Las cosas sobrenaturales, las cosas de Dios no las comprendemos inmediatamente; sino que, poco a poco, tienen que ir calando en nuestra vida, hasta que se nos vuelvan “naturales” y nos “sintamos en casa” en ellas, por así decir. Por eso, las primeras palabras que Cristo resucitado dirige a las mujeres son: “¡No tengáis miedo!” Ellas deben primero familiarizarse con esta nueva realidad de la Resurrección. ¡Es el mismo Jesús al que conocían, aunque ahora su figura resplandezca transfigurada!
No pocas veces, los textos bíblicos contraponen la luz brillante de Dios con las tinieblas, de modo que se destaca el gran contraste entre ambas. Esto sucede también en el evangelio de hoy. En el contexto de la Resurrección, aparece más oscura que nunca la cerrazón de los sumos sacerdotes y de los ancianos. Ellos se niegan a aceptar este suceso sobrenatural, y, para evitar la expansión de la noticia, recurren a la mentira y a la corrupción.
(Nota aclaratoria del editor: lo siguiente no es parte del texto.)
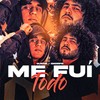 Me Fuí Todo - Skorps&Ojeda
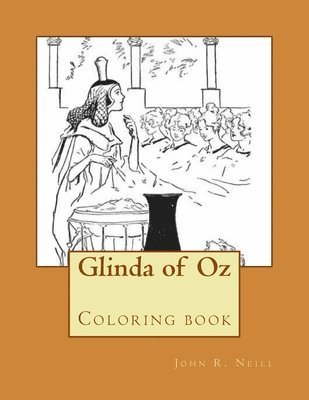 John R. Neill, Monica Guido - Glinda of Oz: Coloring book, Häftad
Ya no hay nada que les detenga o les asuste; no se produce una conversión ni les queda temor de Dios. ¡Es de temer que lo que hacen los sumos sacerdotes al enterarse de la Resurrección, se aproxima al pecado contra el Espíritu Santo! Éste es el pecado que se cierra frente a la verdad revelada y que, en el peor de los casos, persiste en esta actitud hasta la hora de la muerte.
En el caso relatado por el evangelio de hoy, se trata de un pecado con enormes repercusiones, pues se pretende impedir que los judíos tengan conocimiento de la Resurrección del Señor y, en consecuencia, se les priva de la posibilidad de convertirse. Además, siembran desconfianza contra los apóstoles del Señor, quitando autoridad a su testimonio. ¿Quién sabe cuánto repercutió este pecado en la historia de la salvación y en qué medida limitó la conversión del pueblo judío hasta nuestros tiempos? ¡Sólo Dios lo sabe!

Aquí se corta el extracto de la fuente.